Another reason to view market highs as a process is that, the day major stock indices such as the S&P 500 hit their bullish highs, you will have any idea that a bear market is imminent. . Instead, you’ll likely be caught up in the exuberance of the moment. Only with hindsight will it become clear that a bear market was starting.

This exuberance leads investors to be too heavily invested in stocks during the later stages of the bull markets. Believing that the exact peak day has not yet been reached, they hold on to their stock positions for too long. Viewing market highs as a process can counterbalance this exuberance, as it causes investors to focus on their individual positions rather than on the market as a monolithic whole.

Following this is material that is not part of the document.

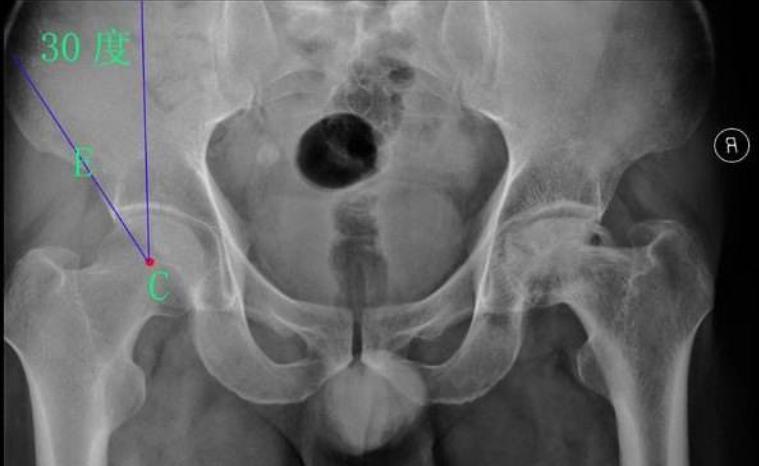 什么是成人髋关节发育不良,成人髋关节发育不良贴吧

Many resist this advice because their memories play tricks on them, leading them to believe that it is possible to spot a bullish top the moment it occurs. This is definitely not the case, based on my company’s daily monitoring of advice from stock timers, advisers who tell clients how much of their investment portfolios should be in stocks and cash. Over the past four decades in which the S&P 500 peaked in the bull market, the average level of exposure to equities recommended by these timers was 65.7%. This is a higher level of exposure than 95% of all other days over the past 40 years.

On days when the S&P 500 hit its lowest bear market level, by contrast, the average exposure level recommended by stock timers was only 5%.

2007 memories

Remember October 2007. Even though the S&P 500 was on the verge of entering a 57% 16-month decline, hardly any of the 100 or so stock stopwatches my company monitors were considering anything. the type.

This failure was true even for market timers with the best long-term records entering that month. One of the long-term top performers at the time was telling clients that a bear market was such a distant possibility it wasn’t even on his radar screen. Another went from full investment to 25% margin – borrowing to invest even more in stocks – the day before the exact day of the S&P 500 bull market high.

If these market professionals with good, long-term track records weren’t able to anticipate the onset of one of the most serious bear markets in U.S. history, you’re kidding yourself if you think that you can always do better. You are more likely to be successful by viewing the end of a bull market and the start of a bear market as a process rather than a one-time event.

Mr. Hulbert is a columnist whose Hulbert Ratings follows newsletters on investments that pay a fixed fee to be audited. He can be contacted at [email protected].